The Decision-Making Framework for System Design
Every distributed system is a long chain of decisions. Some were made in a meeting room. Some were made in a Slack message at 11pm. Some were never made at all — they just happened. This chapter is about making those decisions deliberately, at the right speed, with the right people, and in a way you can defend six months later.
What's in this chapter
- Why reversibility is the most important property of a decision
- How to run an RFC process that produces real alignment
- When to prototype instead of design — and when not to
- The cost-of-information framework for choosing how much to invest upfront
- How to resolve technical disagreements without damaging the team
- What escalation is for, and when it becomes a crutch
- The decision log — the artifact that saves projects
- How good decision-making compounds over time
Key Learnings — Read This First
The Problem With How We Make Decisions
Imagine you're designing a new data pipeline.
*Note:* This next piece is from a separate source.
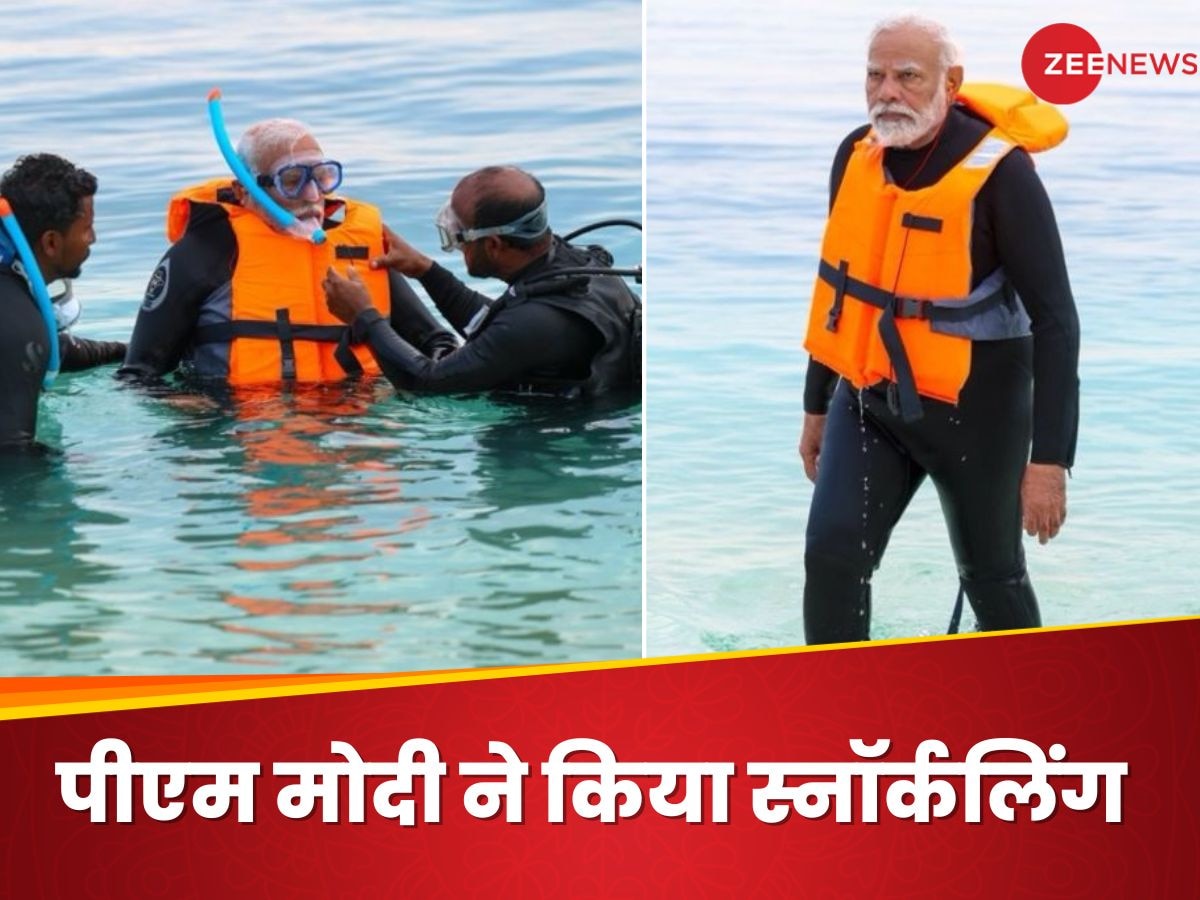 पीएम मोदी ने लक्षद्वीप में लिया स्नॉर्कलिंग का आनंद, जानिए क्या है ये एक्टिविटी और इसके हेल्थ बेनिफिट्स?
Three engineers have three different opinions on whether to use a message queue or a direct RPC call between services. You talk about it in a meeting for forty minutes. Someone says "let's just go with Kafka, we know it." Everyone nods. The meeting ends.
Six months later, the pipeline is in production. A new engineer asks why you're using Kafka for a use case where direct calls would have been simpler and cheaper. Nobody in the room remembers the reasoning. The original engineer who suggested Kafka has moved teams. The decision lives only in someone's fading memory of a meeting.
This is how most architectural decisions get made. Not badly, exactly — but invisibly. And invisible decisions accumulate into systems that seem arbitrary to anyone who joins later.
Good decision-making in distributed systems is not about always making the right call. You won't. Systems are too complex, and you never have complete information. Good decision-making is about three things: making the right decision at the right speed, surfacing disagreements before they become production bugs, and leaving behind enough context that future engineers can understand and change what you built.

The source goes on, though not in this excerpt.